Les organisations syndicales et patronales qui gèrent le régime de retraite complémentaire Agirc-Arrco* devaient se mettre d’accord sur la revalorisation des pensions complémentaires le 4 octobre. L’option d’une hausse autour de 5 % (en rattrapage de l’inflation) se dessinait. À moins que le gouvernement ne fasse capoter l’accord.
Chaque 1er novembre, la retraite complémentaire est réévaluée. On s’appuie soit sur l’évolution annuelle des prix (hors tabac), l’inflation donc, soit sur l’évolution du salaire moyen par tête (SMPT). L’inflation est à 4,8 % en septembre, et le SMPT se situait, lui, à 4,5 % en août dernier. Les partenaires sociaux disposent également d’une marge de 0,2 %, par exemple pour accroître la hausse. Ce fut le cas en 2022 pour rattraper l’inflation de l’année précédente, qui avait été mal prise en compte.
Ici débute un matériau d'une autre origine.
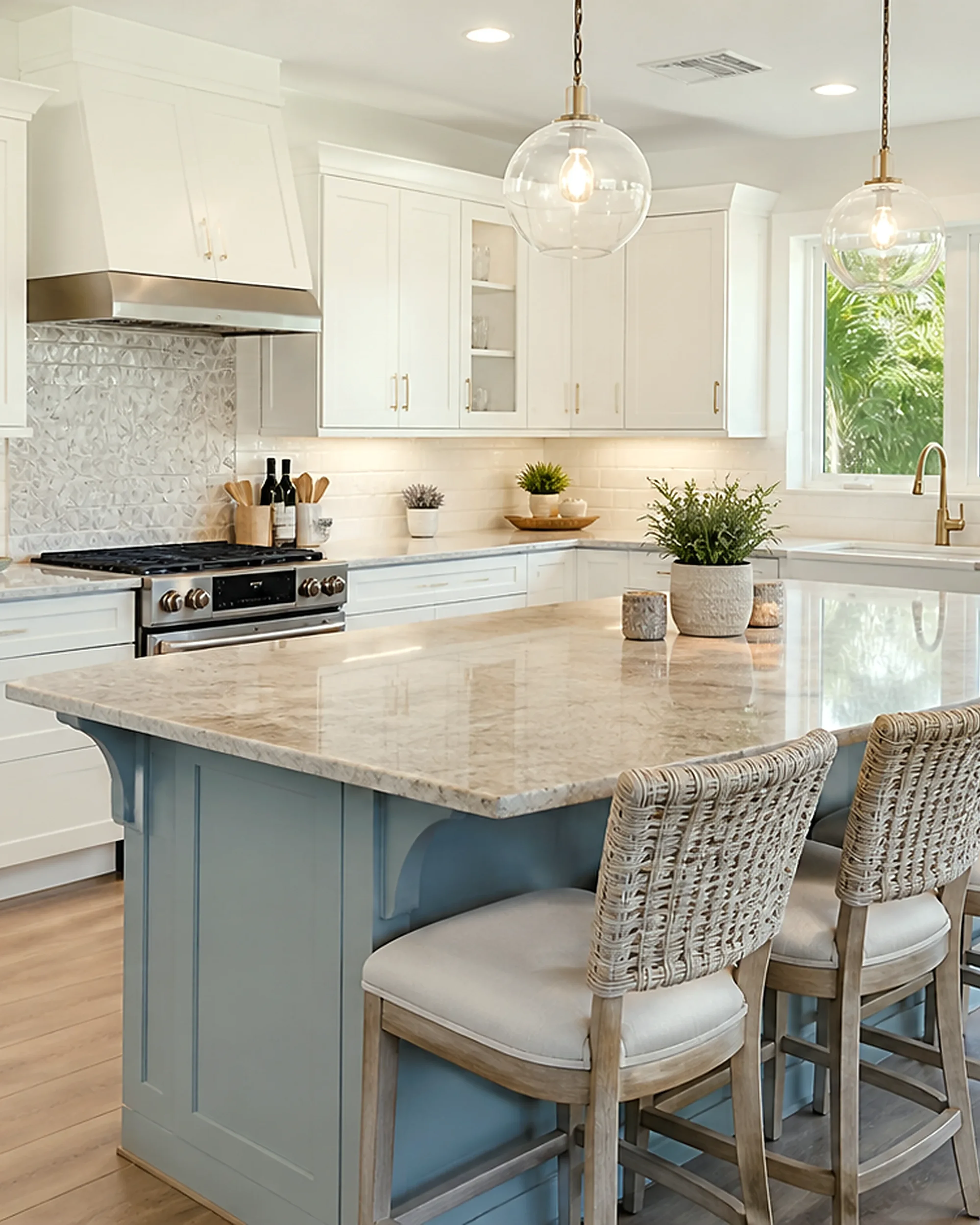 High-end Riviera Beach kitchen remodel with custom cabinetry and a stone waterfall island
Marge de manœuvre entre 4,6 et 5,2
Outre ces paramètres très officiels, il y a aussi des discussions entre les gestionnaires. Sans surprise, le patronat préférerait une hausse contenue alors que les syndicats aimeraient davantage de générosité. D’autant que le gouvernement a annoncé la semaine dernière une hausse de 5,2 % de toutes les pensions de base à partir du 1er janvier 2024. « Si on n’est pas au niveau de 5,2 %, ce serait incompréhensible. Les projections [de l’Agirc-Arrco] montrent que nous avons les moyens de le faire », explique Denis Gravouil, membre du bureau confédéral en charge de la protection sociale et des retraites. Le patronat, lui, penche pour une revalorisation de 4,6 %.
Entre ce plafond de 5,2 % et le seuil de 4,6 %, il reste de la marge pour négocier – probablement autour de 5 % ou un petit peu en dessous. Le chiffre de 4,8 %, celui du niveau de l’inflation, est également évoqué du côté des syndicats. Les discussions autour du taux de la hausse risquent de se terminer tard au soir du 4 octobre. D’autant plus que d’autres sujets épineux sont aussi sur la table, comme la suppression du malus de 10 %. Or, là encore, plusieurs options, plus ou moins « généreuses » ou coûteuses selon les points de vue, sont étudiées. Tous les sujets sont liés, car les partenaires sociaux visent l’équilibre général financier du régime.
Après le régime général, le gouvernement s’en prend aux complémentaires
Mais pourquoi cette revalorisation est-elle menacée par le gouvernement ? Pour qu’il y ait revalorisation, il faut qu’il y ait un accord entre les partenaires sociaux. Mais, cette année, le gouvernement convoite ces ressources pour financer la hausse des petites retraites. Il tient absolument à prélever entre un et trois milliards d’euros par an des caisses du régime complémentaire. Olivier Dussopt a même menacé de passer par la loi pour obtenir cet argent, expliquant que la réforme des retraites allait remplir les caisses du régime complémentaire, puisque les salarié·es allaient travailler plus longtemps (sic). Rappelons-le, il s’agit des cotisations des salarié·es, fruit de leur travail, mais, comme à son habitude, ce gouvernement refuse de taxer le capital et préfère pomper les cotisations de celles et ceux qui bossent et qui ont bossé toute leur vie.
Certes, l’Agirc-Arrco dispose d’un bas de laine de quelque 68 milliards d’euros et, d’après les projections, la réforme des retraites devrait faire entrer environ 22 milliards d’euros supplémentaires (estimation moyenne) sur les quinze prochaines années. Mais le patronat pourrait user de cette menace gouvernementale pour tirer vers le bas la revalorisation des pensions complémentaires, sachant qu’un milliard d’euros permet de financer 1 % de revalorisation.
Encore une fois, après s’en être pris au régime général en reportant (entre autres) l’âge légal de départ, le gouvernement veut donc s’en prendre aux retraites complémentaires des salarié·es du privé. À suivre.
* Agirc : Association générale des institutions de retraite des cadres. Arrco : Association des régimes de retraite complémentaire des salariés.